Kwon, 30, dismissed their concerns with more trash talk.
But now, even Kwon has to concede that Younessi, Cascarilla, and Zhou were right all along. After all, he drove the final nail in UST’s coffin himself.
Hubris is commonly thought of as excessive pride, although that’s not how Aristotle used it: “Hubris consists in doing and saying things that cause shame to the victim … simply for the pleasure of it. Young men and the rich are hubristic because they think they are better than other people.”
Two millennia later, Aristotle may be a pile of bones, but his words paint a living portrait of Kwon, the CEO who not only believed he was too smart and too popular to fail, but who publicly threatened competitors and confessed his joy in watching others fail.
Do Kwon: “95% are going to die [coins], but there’s also entertainment in watching companies die too”
His own failure has given the industry more than a lesson on how not to create an algorithmic stablecoin: It’s a sobering reminder of the cult of personality that enables people like Donald Trump and El Salvador President Nayib Bukele to silence critics with the force of their ego, not the soundness of their arguments.
Kwon’s promise was up there with MAGA: He was going to make Terra “the largest decentralized money in crypto, period.” As long as he gave his LUNAtics reasons to believe in him, aka profits, he didn’t need to answer to anyone.

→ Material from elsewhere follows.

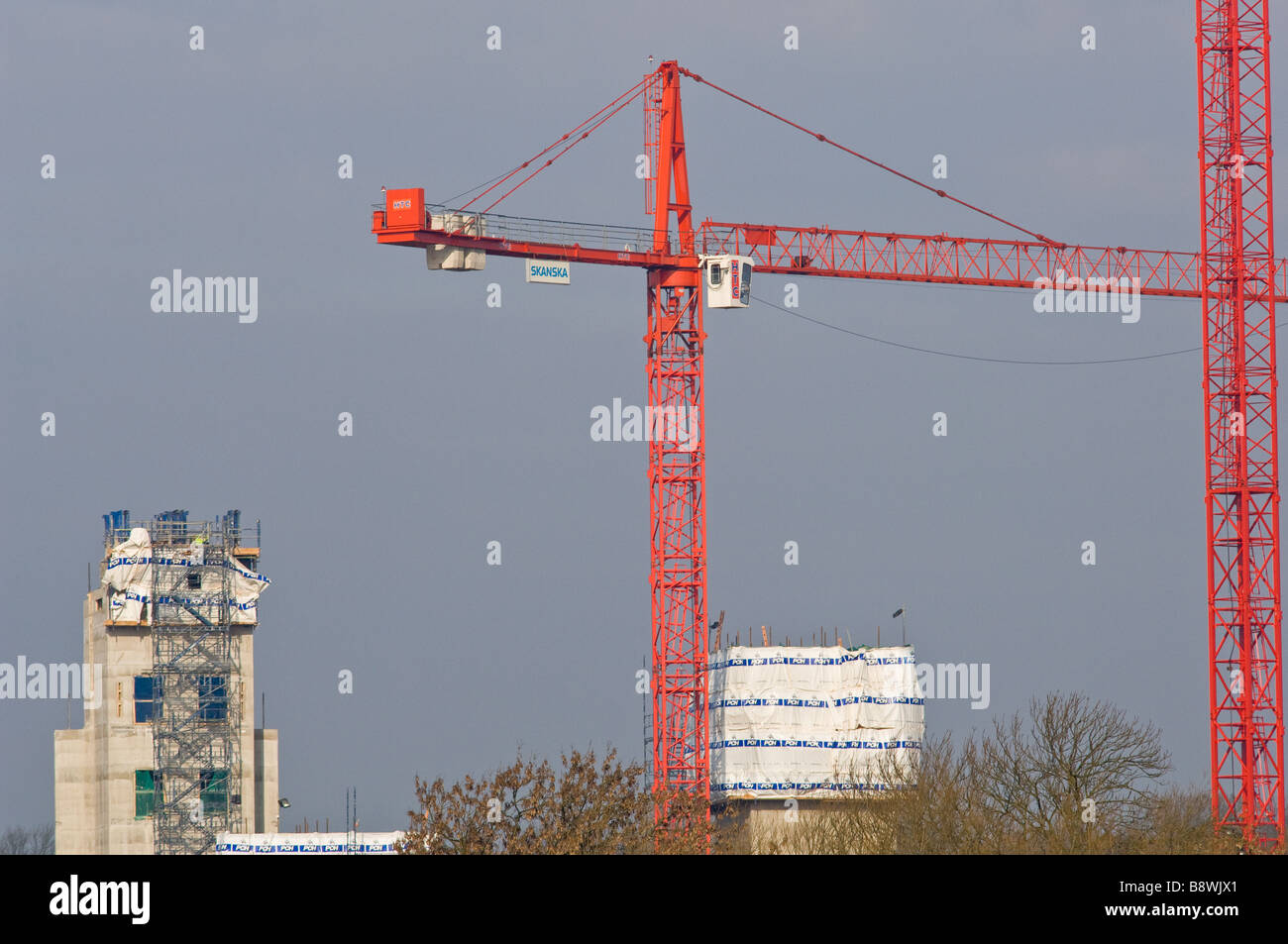 Grues de chantiers de construction Banque de photographies et d’images ...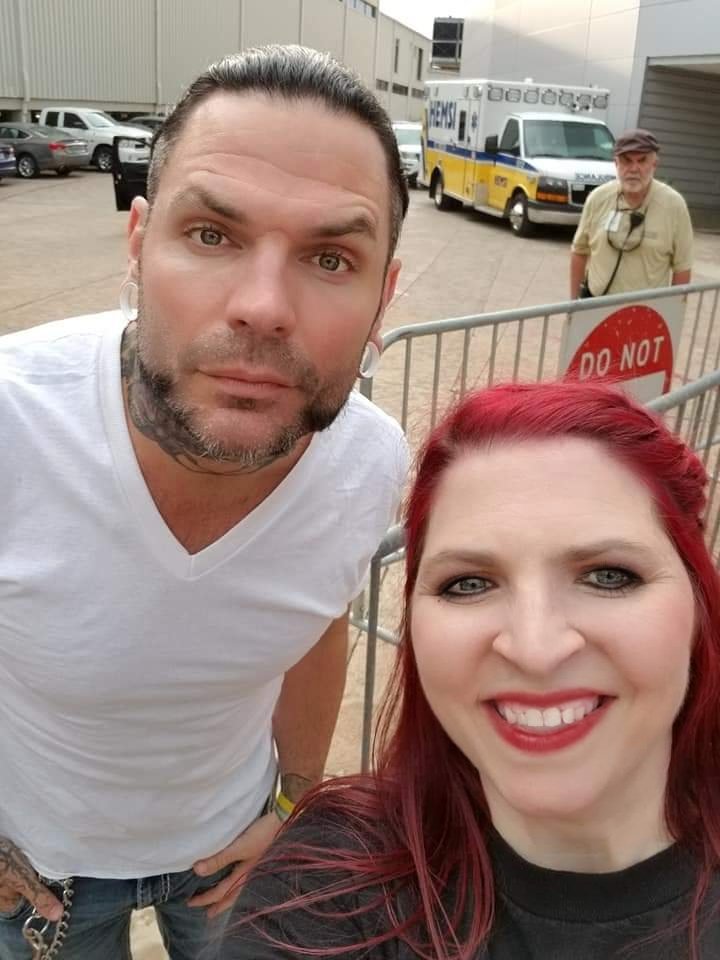 Praying for #JeffHardy. Hope he gets the help he needs!! I have watched him since I was a teen & now my children watch him. I met him several yrs back & he's definitely a class act & very kind!! He didn't have to stop coming in, but he did!! #ThankYouJeff https://t.co/hCQXNk4aQS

Then came May 9, 2022, when UST fell 20 cents below its peg.
Terra’s collapse brought to light how little we knew about Kwon beyond his LinkedIn and Twitter profiles. He graduated from Stanford in 2015 after studying computer science, and briefly worked at Microsoft and Apple before forming Terra.
Two days after UST’s plummet began, CoinDesk allegedly doxxed Kwon as the “Rick”—a reference to half of the cartoon duo in “Rick and Morty”—behind another failed algorithmic stablecoin project called Basis Cash (BAC), which slipped its dollar peg for good early last year. BAC is now worth a fraction of a penny.
Still, Kwon appears steadfast. After two days of Twitter silence last week, he finally took the heat for UST’s historic failure. What’s more, he appears to have risen to the task of rebuilding Terra. On Monday, he proposed to fork LUNA’s blockchain and rename the current chain Terra Classic, with the new chain wiped of UST.
Kwon’s proposal was met with near-unanimous disapproval in a preliminary vote on Terra’s community forum. Many would prefer Kwon listen to Changpeng Zhao’s suggestion to buy and burn most of LUNA’s hyperinflated circulating supply of 6.5 trillion tokens. Kwon knows what the community wants, but he’s arguing against it. This time, he’s engaging in critical and constructive conversations with his critics, instead of just dismissing them outright.
He also has very real heat on him. All manner of accusations have been hurled at him by angry investors and restless Twitter users, including allegations of fraud and insider trading. Local Korean sources have said he may have evaded taxes, although this weekend he appeared to dismiss those rumors, saying he’s fully settled up with the Korean government.
The crypto community will be sorting fact from FUD in the weeks—months?—to come, but Kwon isn’t going anywhere, which means that, solvent or not, Terra remains on everyone’s radar. Kwon’s charming hubris and digital fool’s gold may have been an intoxicating vision for his flatterers, but that tap ran dry, and the room has sobered up. At least for now.